§ PROBLEM
Transcribe the lines from the start of the data below through the line with "new Dental Teaching", word for word and nothing more.

§ DATA PROVIDED
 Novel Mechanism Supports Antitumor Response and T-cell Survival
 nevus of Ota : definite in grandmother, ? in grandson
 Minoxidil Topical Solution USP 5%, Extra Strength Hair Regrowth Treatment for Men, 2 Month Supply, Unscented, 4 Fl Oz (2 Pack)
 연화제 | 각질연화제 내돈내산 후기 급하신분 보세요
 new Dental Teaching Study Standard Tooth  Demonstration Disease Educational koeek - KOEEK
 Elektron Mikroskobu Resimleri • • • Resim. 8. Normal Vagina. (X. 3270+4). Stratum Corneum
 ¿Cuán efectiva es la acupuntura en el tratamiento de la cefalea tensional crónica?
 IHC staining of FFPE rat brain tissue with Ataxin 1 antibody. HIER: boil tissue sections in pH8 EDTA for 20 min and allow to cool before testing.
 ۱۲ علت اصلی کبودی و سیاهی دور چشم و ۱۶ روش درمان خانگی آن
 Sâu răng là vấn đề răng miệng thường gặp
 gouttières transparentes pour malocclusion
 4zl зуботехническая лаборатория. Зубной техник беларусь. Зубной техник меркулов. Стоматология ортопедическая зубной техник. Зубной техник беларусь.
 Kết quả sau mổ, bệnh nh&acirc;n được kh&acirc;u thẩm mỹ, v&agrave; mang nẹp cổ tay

§ THE ANSWER
 Novel Mechanism Supports Antitumor Response and T-cell Survival
 nevus of Ota : definite in grandmother, ? in grandson
 Minoxidil Topical Solution USP 5%, Extra Strength Hair Regrowth Treatment for Men, 2 Month Supply, Unscented, 4 Fl Oz (2 Pack)
 연화제 | 각질연화제 내돈내산 후기 급하신분 보세요
 new Dental Teaching Study Standard Tooth  Demonstration Disease Educational koeek - KOEEK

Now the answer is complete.